INFORMATION PROVIDED:
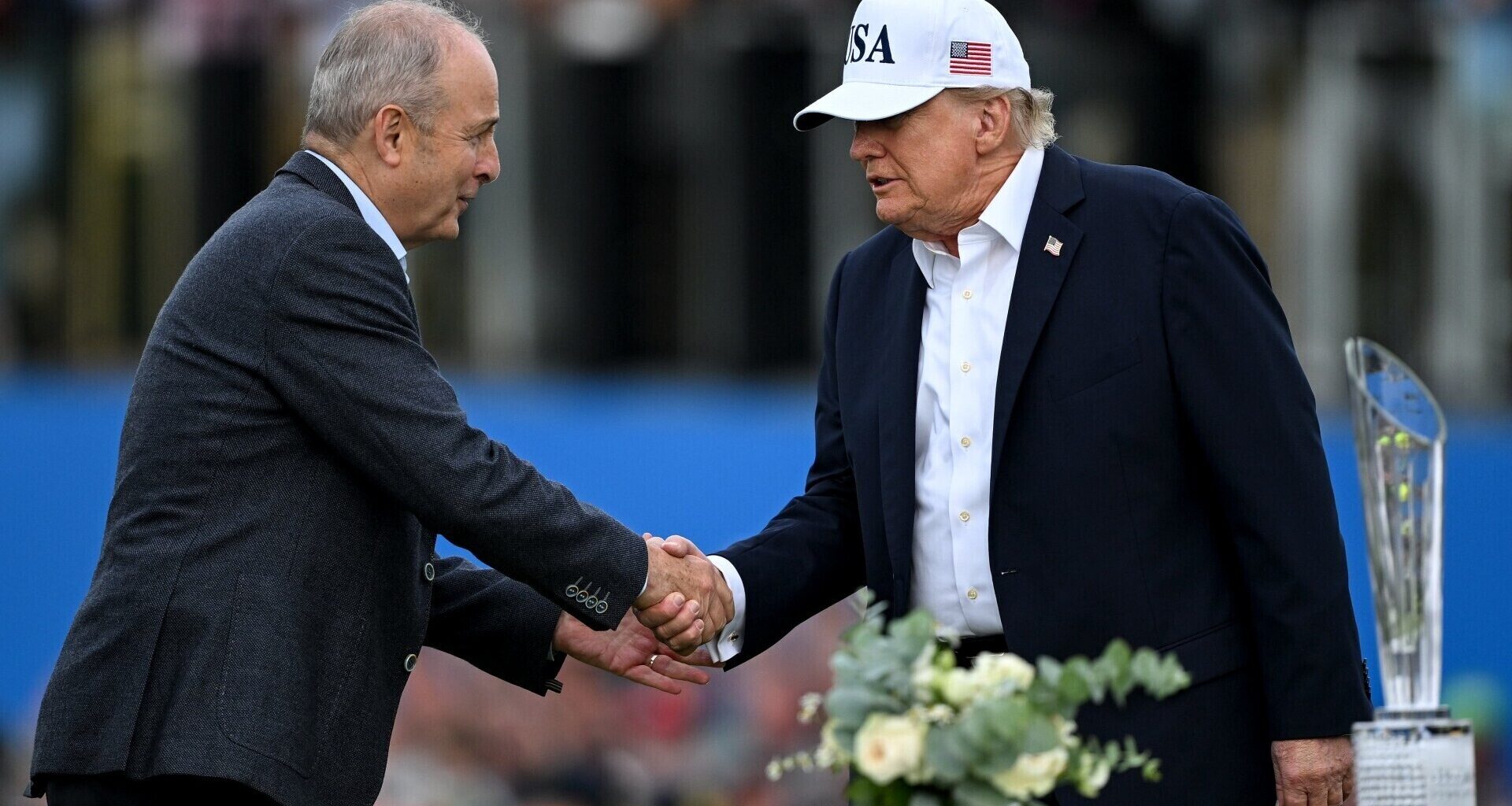 Taoiseach Micheál Martin and US president Donald Trump shake hands during day four of the Amgen Irish Open Golf Championship 2026 at Trump International Golf Links in Doonbeg, Co Clare. Picture: Ramsey Cardy/Sportsfile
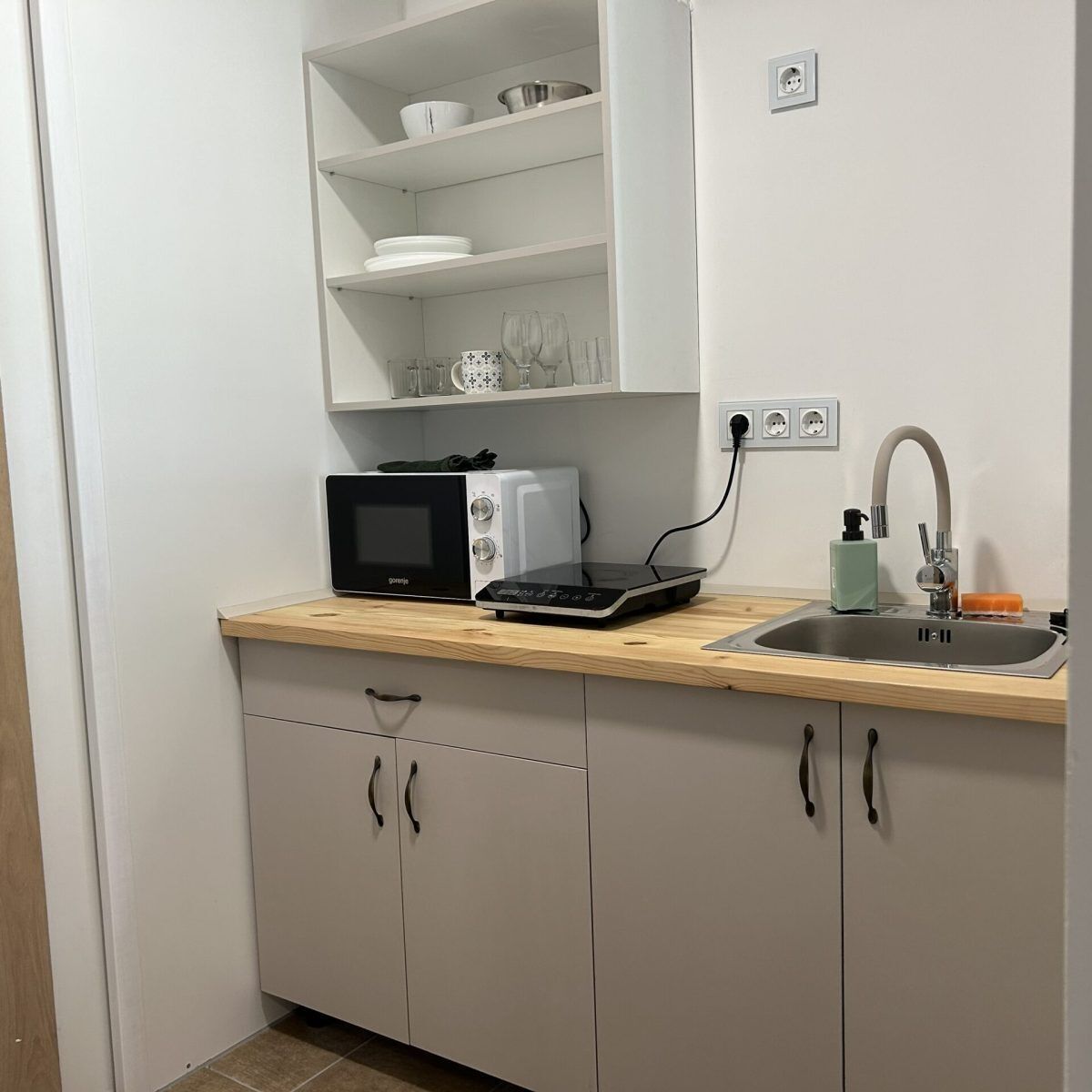 Cocina compacta con microondas, tostadora y lavabo con grifo.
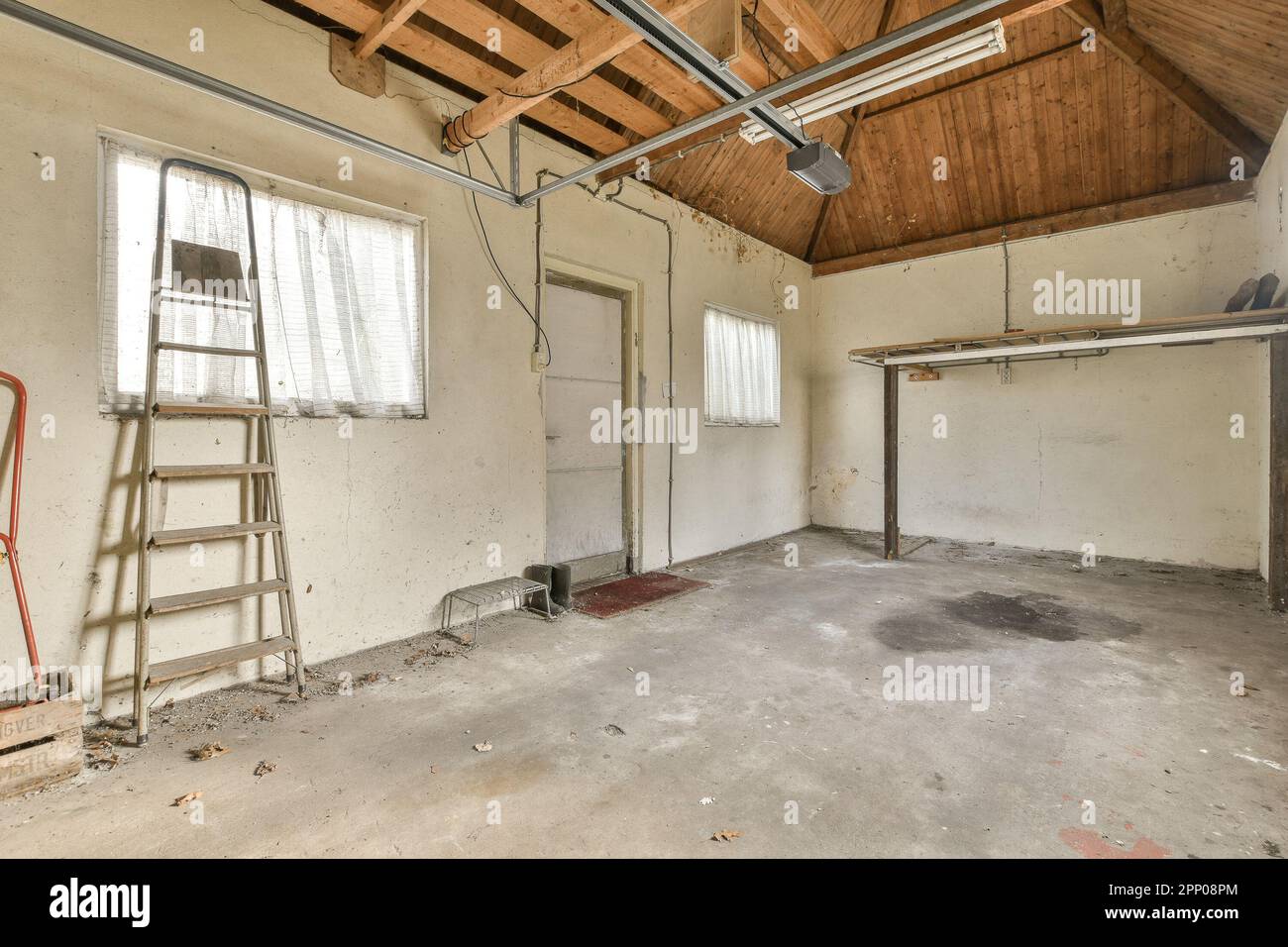 una stanza vuota senza nessuno sulla parete o sul soffitto e scale pendenti dal soffitto al pavimento Foto Stock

TASK BRIEF: Write out every line above again exactly, with the pictures left out.

ANSWER BOX:
 Taoiseach Micheál Martin and US president Donald Trump shake hands during day four of the Amgen Irish Open Golf Championship 2026 at Trump International Golf Links in Doonbeg, Co Clare. Picture: Ramsey Cardy/Sportsfile
 Cocina compacta con microondas, tostadora y lavabo con grifo.
 una stanza vuota senza nessuno sulla parete o sul soffitto e scale pendenti dal soffitto al pavimento Foto Stock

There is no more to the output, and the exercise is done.